The Fed said it expected to hold the "exceptionally low" rate "for an extended period" -- reiterating its standard guidance since it slashed rates to record lows in December 2008 in a bid to jolt the world's largest economy from its worst recession in decades.
The central bank offered a slight upgrade to its view of the economy in the statement issued after the six-hour meeting chaired by Fed boss Ben Bernanke.
It said "economic activity has continued to strengthen and that the labor market is stabilizing" -- a more upbeat description than the phrasing used after its last policy meeting in January that "the deterioration in the labor market is abating."

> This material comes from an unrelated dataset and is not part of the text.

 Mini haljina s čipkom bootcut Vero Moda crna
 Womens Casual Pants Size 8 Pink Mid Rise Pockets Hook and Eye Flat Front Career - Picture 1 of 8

The statement also noted that consumer spending was constrained by "high unemployment," rather than the previous "weak labor market," which some analysts said shifts the focus away from job growth to the unemployment level, hovering at nearly 10 percent.
Text of the US Federal Reserve statement
After not mentioning housing, the epicenter of the financial crisis that plunged the US economy into recession, in the last statement, the Fed said Tuesday that new housing projects "have been flat at a depressed level."

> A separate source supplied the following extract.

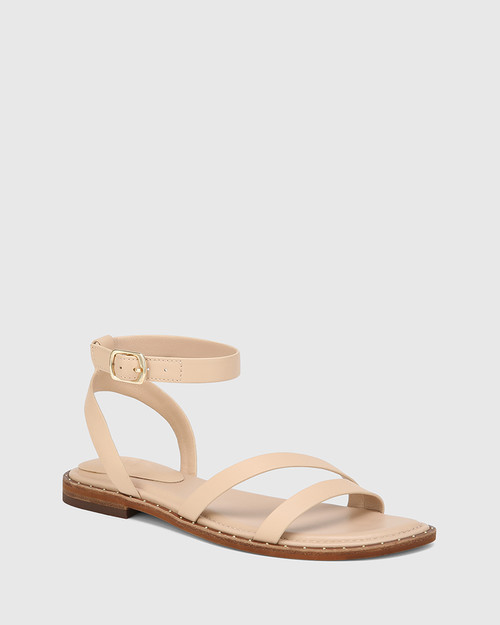 Crystina Sandshell Leather Strappy Sandal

"Despite noting some improvement in labor market data, the Committee gave no indication that it would proceed with the next phase of the exit strategy soon; rather, it maintained flexibility by saying it would use its policy tools as needed to promote economic recovery and price stability," said analyst Dean Maki of Barclays Capital Research.
"The next key event is likely to occur when the Fed alters its 'extended period' language in favor of something less committal; we think this change is likely to be made in second quarter, and it may occur as soon as the April meeting if labor market data strengthen notably, as we expect," he said.

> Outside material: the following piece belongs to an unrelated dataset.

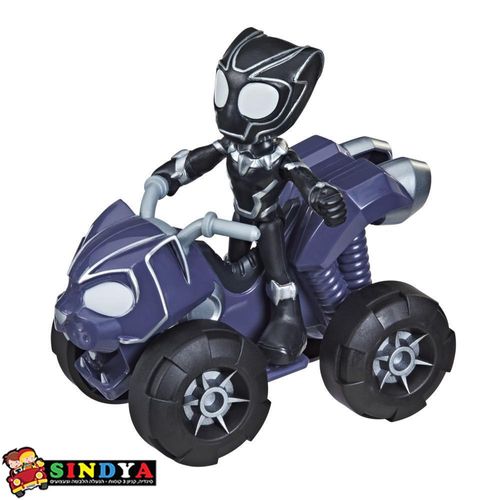 ספיידי דמות פנתר שחור ומכונית משוך וסע - SPIDEY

The Fed also stressed that the pace of economic recovery was likely to be "moderate" for sometime.
It said American households remained reluctant to spend amid high unemployment, modest income growth, lower housing wealth, and tight credit.
Employers also remained reluctant to add to payrolls and bank lending continued to contract, the Fed reported.
Kansas City Fed president Thomas Hoenig was, for the second meeting in a row, the sole dissenting voice to the FOMC decision.
He expressed concern that the promise of low interest rates for the long-run could present economic risks.
Hoenig believed "the expectation of exceptionally low levels of the federal funds rate for an extended period was no longer warranted," the Fed statement said. Such low rates could "increase risks to longer-run macroeconomic and financial stability."
"However, the majority of the FOMC would agree with us that removing this phrase now would lead to an unwarranted rise in interest rates across the yield curve," said Brian Bethune, financial economist for IHS Global Insight.
The yield curve is what economists use to capture the overall movement of interest rates -- which are known as "yields" in Wall Street parlance.
"Credit, housing and employment markets are still too weak to be able to withstand this kind of negative pressure, and we agree with the majority of the FOMC on this score," Bethune said.
US authorities pumped hundreds of billions of dollars into the world's largest economy to jolt it from a deep recession since December 2007.
The economy started growing from the second half of last year -- at 2.2 percent in the third quarter and 5.9 percent in the final quarter of 2009.
Many believe the Fed will need to raise rates gradually to keep inflation in check.
The Fed policy makers also confirmed at the meeting Tuesday that the central bank will complete purchases of 1.25 trillion dollars of mortgage-backed securities by the end of this month.
The program has been widely credited with pumping up the housing market, which was at the epicenter of the financial crisis triggered by a mortgage meltdown.